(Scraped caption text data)
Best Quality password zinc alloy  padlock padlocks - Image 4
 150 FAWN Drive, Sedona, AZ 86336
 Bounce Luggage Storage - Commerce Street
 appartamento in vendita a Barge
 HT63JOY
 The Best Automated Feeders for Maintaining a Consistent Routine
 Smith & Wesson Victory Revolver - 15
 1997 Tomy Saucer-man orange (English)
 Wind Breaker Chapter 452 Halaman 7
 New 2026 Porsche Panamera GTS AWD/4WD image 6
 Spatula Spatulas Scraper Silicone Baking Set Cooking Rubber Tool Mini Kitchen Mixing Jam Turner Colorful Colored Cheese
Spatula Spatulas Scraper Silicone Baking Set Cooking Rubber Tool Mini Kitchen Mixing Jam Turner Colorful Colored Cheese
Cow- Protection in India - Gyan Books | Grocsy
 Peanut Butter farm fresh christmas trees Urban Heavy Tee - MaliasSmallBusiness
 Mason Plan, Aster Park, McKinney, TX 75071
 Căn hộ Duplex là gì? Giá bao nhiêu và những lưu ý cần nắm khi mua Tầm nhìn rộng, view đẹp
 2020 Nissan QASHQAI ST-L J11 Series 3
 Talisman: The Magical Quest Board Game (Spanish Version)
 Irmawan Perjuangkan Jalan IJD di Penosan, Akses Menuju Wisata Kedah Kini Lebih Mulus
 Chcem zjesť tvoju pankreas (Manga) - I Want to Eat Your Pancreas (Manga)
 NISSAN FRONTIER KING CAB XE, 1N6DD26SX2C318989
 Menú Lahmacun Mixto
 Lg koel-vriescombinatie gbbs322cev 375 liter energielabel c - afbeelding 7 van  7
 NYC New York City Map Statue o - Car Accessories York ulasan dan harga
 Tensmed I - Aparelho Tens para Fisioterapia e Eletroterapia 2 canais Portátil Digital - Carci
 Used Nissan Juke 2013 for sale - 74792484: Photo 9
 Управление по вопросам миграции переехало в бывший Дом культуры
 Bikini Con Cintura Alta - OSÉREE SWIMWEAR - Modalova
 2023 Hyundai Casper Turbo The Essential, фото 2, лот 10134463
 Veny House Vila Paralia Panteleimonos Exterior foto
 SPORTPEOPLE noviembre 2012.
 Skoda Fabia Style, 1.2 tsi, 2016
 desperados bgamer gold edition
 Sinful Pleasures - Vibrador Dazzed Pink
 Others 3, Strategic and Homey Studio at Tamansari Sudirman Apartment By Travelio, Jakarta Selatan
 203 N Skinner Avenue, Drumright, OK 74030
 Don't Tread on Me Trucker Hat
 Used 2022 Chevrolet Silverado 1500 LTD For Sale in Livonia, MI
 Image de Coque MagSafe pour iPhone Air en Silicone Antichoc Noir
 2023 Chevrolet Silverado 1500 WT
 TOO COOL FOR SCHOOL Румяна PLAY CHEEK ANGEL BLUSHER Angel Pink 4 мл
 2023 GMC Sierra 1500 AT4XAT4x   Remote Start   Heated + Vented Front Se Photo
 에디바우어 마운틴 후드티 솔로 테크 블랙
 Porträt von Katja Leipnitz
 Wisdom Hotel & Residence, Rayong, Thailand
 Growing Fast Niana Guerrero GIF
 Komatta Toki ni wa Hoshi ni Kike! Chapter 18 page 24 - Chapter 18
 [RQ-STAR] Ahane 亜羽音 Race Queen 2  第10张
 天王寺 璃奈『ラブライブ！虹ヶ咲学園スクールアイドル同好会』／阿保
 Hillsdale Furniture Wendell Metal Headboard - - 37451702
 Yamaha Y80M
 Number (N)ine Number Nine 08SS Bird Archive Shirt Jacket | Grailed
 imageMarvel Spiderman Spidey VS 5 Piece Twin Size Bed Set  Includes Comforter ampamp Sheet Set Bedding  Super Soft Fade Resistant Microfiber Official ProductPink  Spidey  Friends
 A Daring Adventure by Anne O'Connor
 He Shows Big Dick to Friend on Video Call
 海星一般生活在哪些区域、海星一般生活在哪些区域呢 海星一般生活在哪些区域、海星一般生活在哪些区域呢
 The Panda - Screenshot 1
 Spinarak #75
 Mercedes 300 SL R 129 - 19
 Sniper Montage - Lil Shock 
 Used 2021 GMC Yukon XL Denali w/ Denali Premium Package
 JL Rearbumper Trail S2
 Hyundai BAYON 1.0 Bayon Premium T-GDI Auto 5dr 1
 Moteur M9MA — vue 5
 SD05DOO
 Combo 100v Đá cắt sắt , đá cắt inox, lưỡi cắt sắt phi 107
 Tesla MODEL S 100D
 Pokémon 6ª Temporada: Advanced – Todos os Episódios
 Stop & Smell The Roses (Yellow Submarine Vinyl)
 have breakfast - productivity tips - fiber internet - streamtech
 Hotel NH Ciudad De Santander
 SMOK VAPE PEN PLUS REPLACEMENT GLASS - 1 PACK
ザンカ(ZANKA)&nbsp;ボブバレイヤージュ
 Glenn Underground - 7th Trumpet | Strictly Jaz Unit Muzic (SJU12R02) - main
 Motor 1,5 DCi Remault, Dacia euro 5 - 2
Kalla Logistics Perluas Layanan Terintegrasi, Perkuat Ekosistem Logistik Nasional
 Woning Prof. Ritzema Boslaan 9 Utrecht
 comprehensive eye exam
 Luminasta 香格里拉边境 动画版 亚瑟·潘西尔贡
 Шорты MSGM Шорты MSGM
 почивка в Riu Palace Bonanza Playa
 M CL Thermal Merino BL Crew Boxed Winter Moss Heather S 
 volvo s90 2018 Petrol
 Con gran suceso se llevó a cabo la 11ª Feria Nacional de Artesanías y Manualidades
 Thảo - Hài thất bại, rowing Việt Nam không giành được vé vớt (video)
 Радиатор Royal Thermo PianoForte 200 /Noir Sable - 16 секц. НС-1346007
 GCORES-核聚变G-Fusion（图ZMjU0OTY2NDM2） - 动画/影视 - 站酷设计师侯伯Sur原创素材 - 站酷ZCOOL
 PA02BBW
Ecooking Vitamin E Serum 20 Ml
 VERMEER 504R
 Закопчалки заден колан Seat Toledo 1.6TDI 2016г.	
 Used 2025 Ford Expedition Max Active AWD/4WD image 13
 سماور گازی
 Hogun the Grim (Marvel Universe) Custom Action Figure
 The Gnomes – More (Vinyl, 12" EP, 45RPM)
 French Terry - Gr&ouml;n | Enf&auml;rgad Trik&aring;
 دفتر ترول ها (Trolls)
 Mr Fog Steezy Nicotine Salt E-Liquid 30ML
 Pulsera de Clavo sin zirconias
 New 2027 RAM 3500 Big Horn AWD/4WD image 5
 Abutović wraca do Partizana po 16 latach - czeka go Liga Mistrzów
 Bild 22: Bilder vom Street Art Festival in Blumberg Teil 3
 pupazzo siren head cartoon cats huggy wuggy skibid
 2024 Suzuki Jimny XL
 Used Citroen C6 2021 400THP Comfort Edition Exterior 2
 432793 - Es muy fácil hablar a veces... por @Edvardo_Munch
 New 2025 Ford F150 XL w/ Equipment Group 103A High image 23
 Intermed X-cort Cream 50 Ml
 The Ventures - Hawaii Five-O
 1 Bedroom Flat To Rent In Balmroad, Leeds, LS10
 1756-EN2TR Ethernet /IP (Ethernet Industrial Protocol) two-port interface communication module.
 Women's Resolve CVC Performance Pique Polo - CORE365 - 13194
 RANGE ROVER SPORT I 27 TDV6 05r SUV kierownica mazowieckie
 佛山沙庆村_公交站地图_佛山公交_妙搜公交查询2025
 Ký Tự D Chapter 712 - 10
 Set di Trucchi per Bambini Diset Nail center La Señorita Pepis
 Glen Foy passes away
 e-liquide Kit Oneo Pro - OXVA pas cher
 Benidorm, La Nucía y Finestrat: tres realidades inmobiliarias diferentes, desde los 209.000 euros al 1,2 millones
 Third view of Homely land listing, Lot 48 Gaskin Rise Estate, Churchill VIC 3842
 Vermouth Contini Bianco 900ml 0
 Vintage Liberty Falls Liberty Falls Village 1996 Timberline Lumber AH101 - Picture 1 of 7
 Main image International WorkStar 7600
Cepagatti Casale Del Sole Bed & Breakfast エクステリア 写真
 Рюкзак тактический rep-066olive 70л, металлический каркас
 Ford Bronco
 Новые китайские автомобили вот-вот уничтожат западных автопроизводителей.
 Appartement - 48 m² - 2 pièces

* What the task requires
Retype the records above, but only those lines that fall between the line containing "Peanut Butter farm" and the line containing "NYC New York", with both of those lines included, exactly as written.

* Output for this exercise
 Peanut Butter farm fresh christmas trees Urban Heavy Tee - MaliasSmallBusiness
 Mason Plan, Aster Park, McKinney, TX 75071
 Căn hộ Duplex là gì? Giá bao nhiêu và những lưu ý cần nắm khi mua Tầm nhìn rộng, view đẹp
 2020 Nissan QASHQAI ST-L J11 Series 3
 Talisman: The Magical Quest Board Game (Spanish Version)
 Irmawan Perjuangkan Jalan IJD di Penosan, Akses Menuju Wisata Kedah Kini Lebih Mulus
 Chcem zjesť tvoju pankreas (Manga) - I Want to Eat Your Pancreas (Manga)
 NISSAN FRONTIER KING CAB XE, 1N6DD26SX2C318989
 Menú Lahmacun Mixto
 Lg koel-vriescombinatie gbbs322cev 375 liter energielabel c - afbeelding 7 van  7
 NYC New York City Map Statue o - Car Accessories York ulasan dan harga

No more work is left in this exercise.